### Task details
As written and without pictures, set down the lines from the one that contains "anni 90. Paola" through the end of the data.

### Exercise input
----

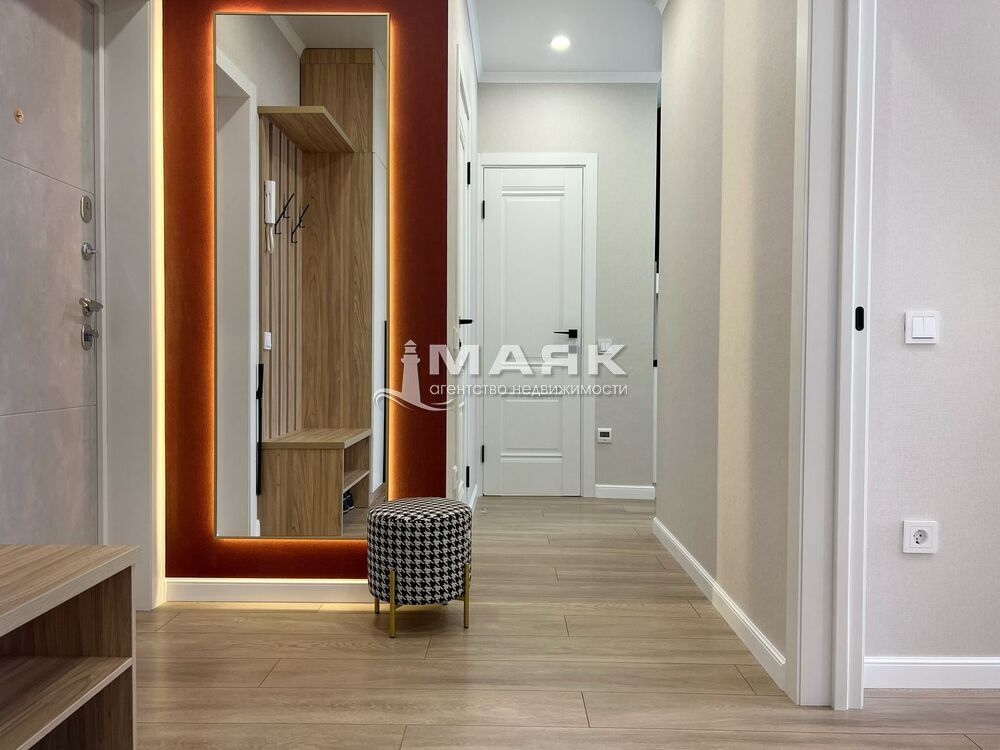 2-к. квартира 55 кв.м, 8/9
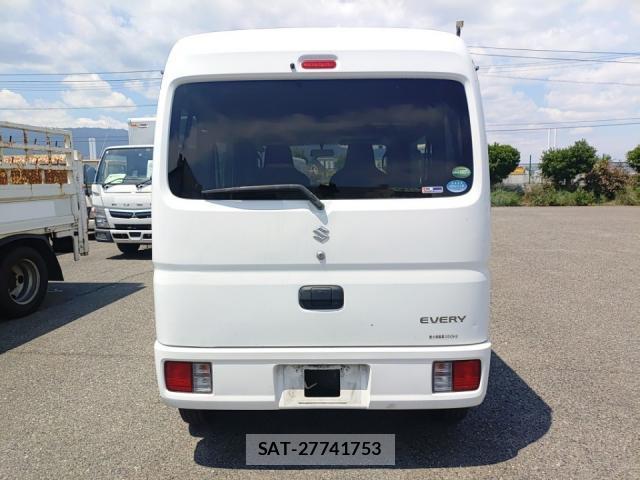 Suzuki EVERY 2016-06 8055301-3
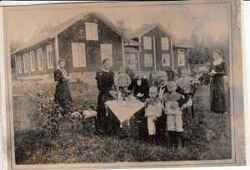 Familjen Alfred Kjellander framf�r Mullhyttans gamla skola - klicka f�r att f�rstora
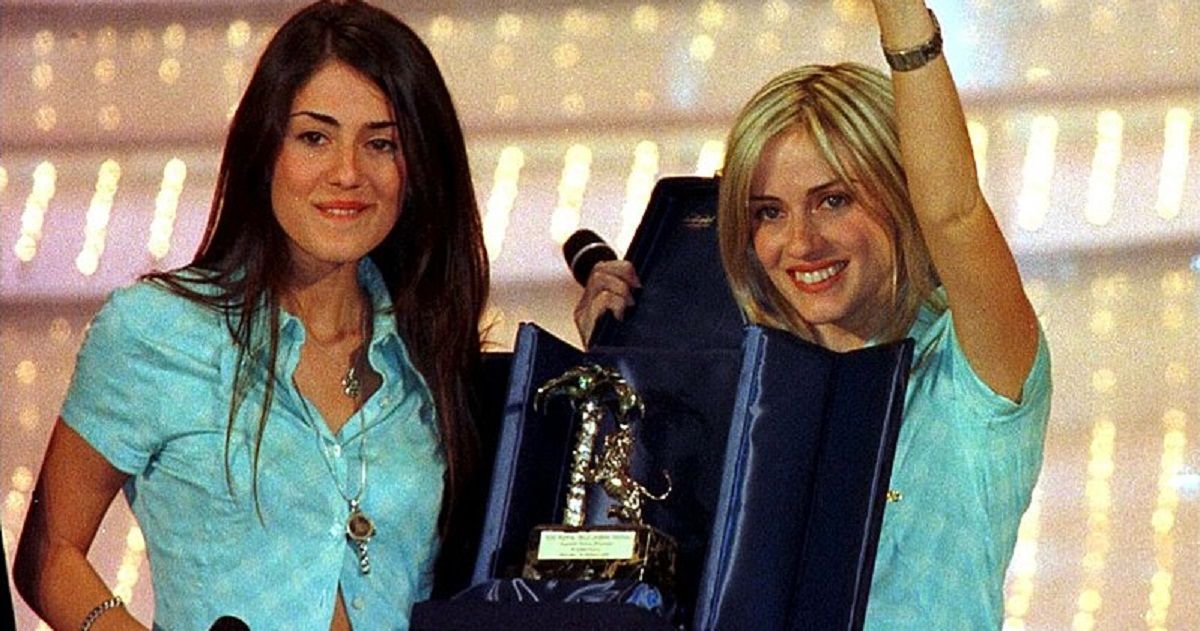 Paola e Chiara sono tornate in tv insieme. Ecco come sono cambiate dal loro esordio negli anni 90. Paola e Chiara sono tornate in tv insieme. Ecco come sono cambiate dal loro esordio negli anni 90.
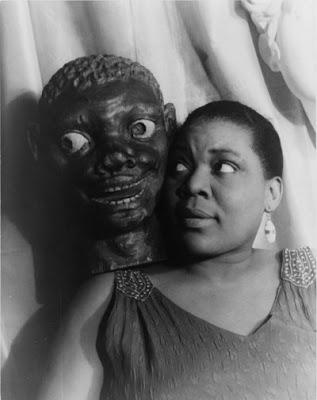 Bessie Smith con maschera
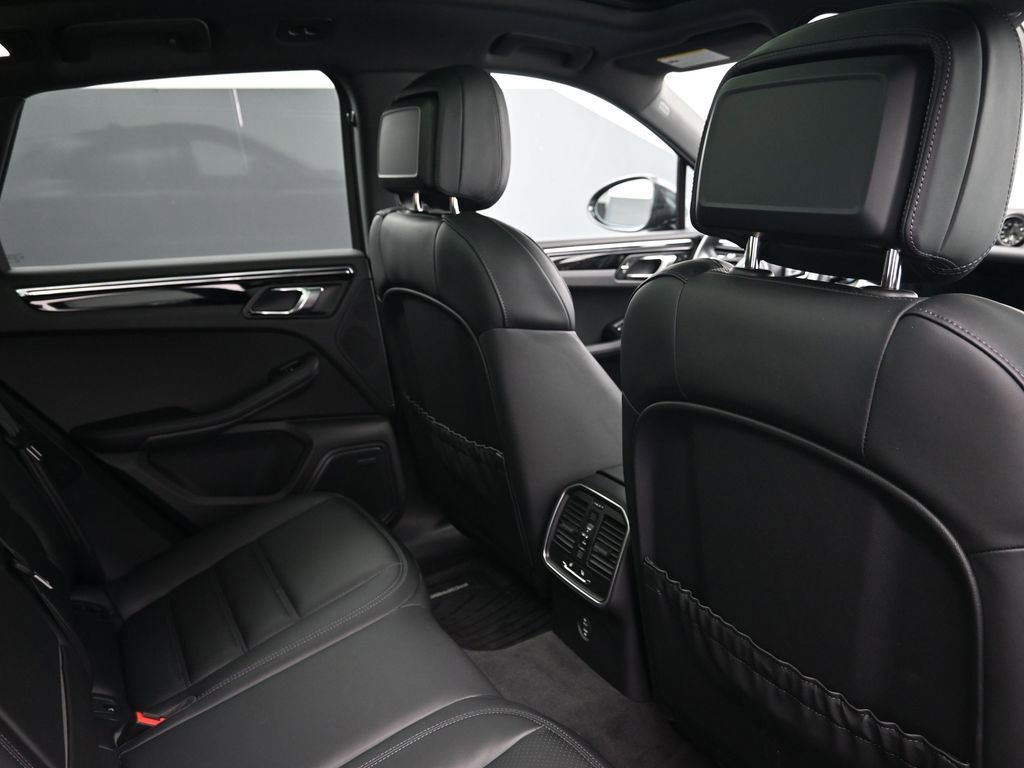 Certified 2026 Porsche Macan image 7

----

### Solution below
 Paola e Chiara sono tornate in tv insieme. Ecco come sono cambiate dal loro esordio negli anni 90. Paola e Chiara sono tornate in tv insieme. Ecco come sono cambiate dal loro esordio negli anni 90.
 Bessie Smith con maschera
 Certified 2026 Porsche Macan image 7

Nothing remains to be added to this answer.